[Start of section]
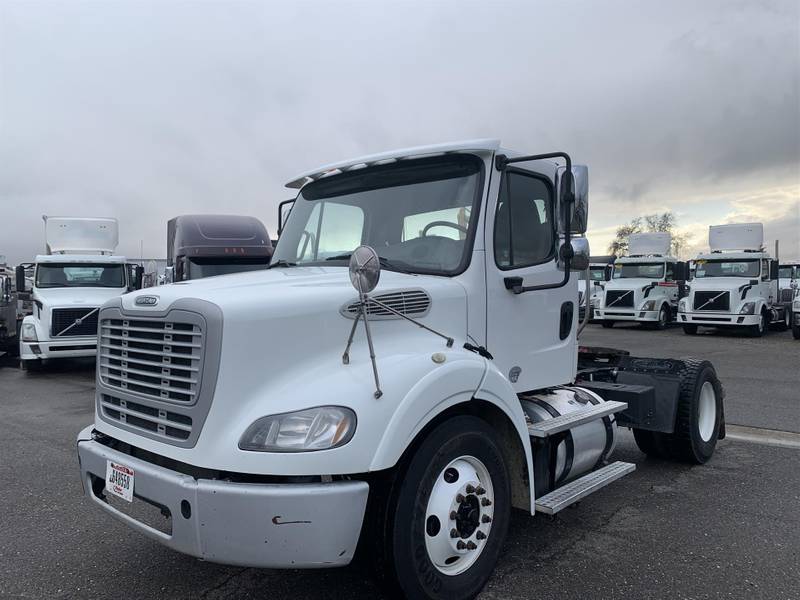 2016 Freightliner M2 112 (For Sale) Day Cab 648316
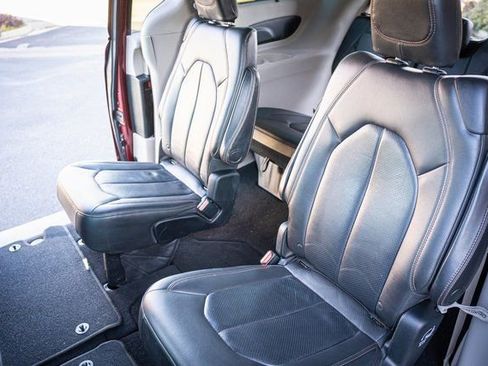 Used 2017 Chrysler Pacifica Touring-L Plus image 28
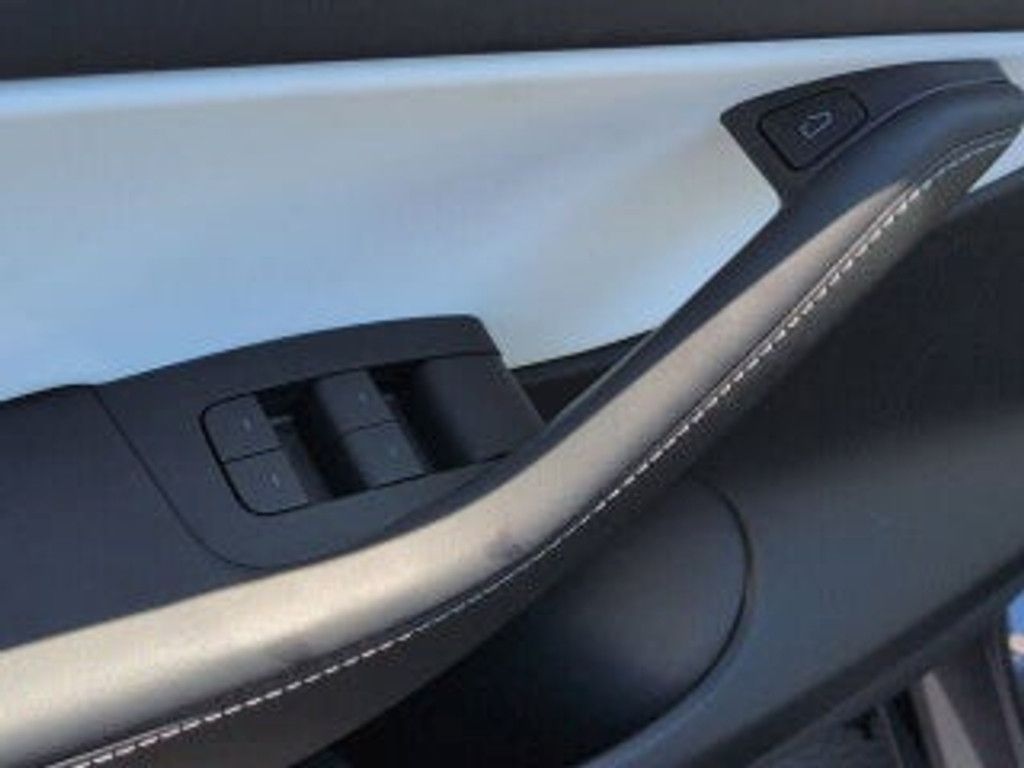 2022 TESLA Model Y - photo 15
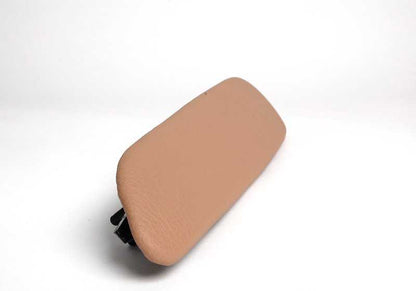 Reposabrazos delantero derecho OEM 51418238644 en color beige claro para BMW Serie 3 E46. Repuesto original BMW.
[End of section]
• _PROBLEM STATEMENT_:
Return exactly the lines that begin with the one containing "2022 TESLA Model Y - photo 15" and end with the final line of the data above; include no pictures.

• _REPLY TO THE EXERCISE_:
 2022 TESLA Model Y - photo 15
 Reposabrazos delantero derecho OEM 51418238644 en color beige claro para BMW Serie 3 E46. Repuesto original BMW.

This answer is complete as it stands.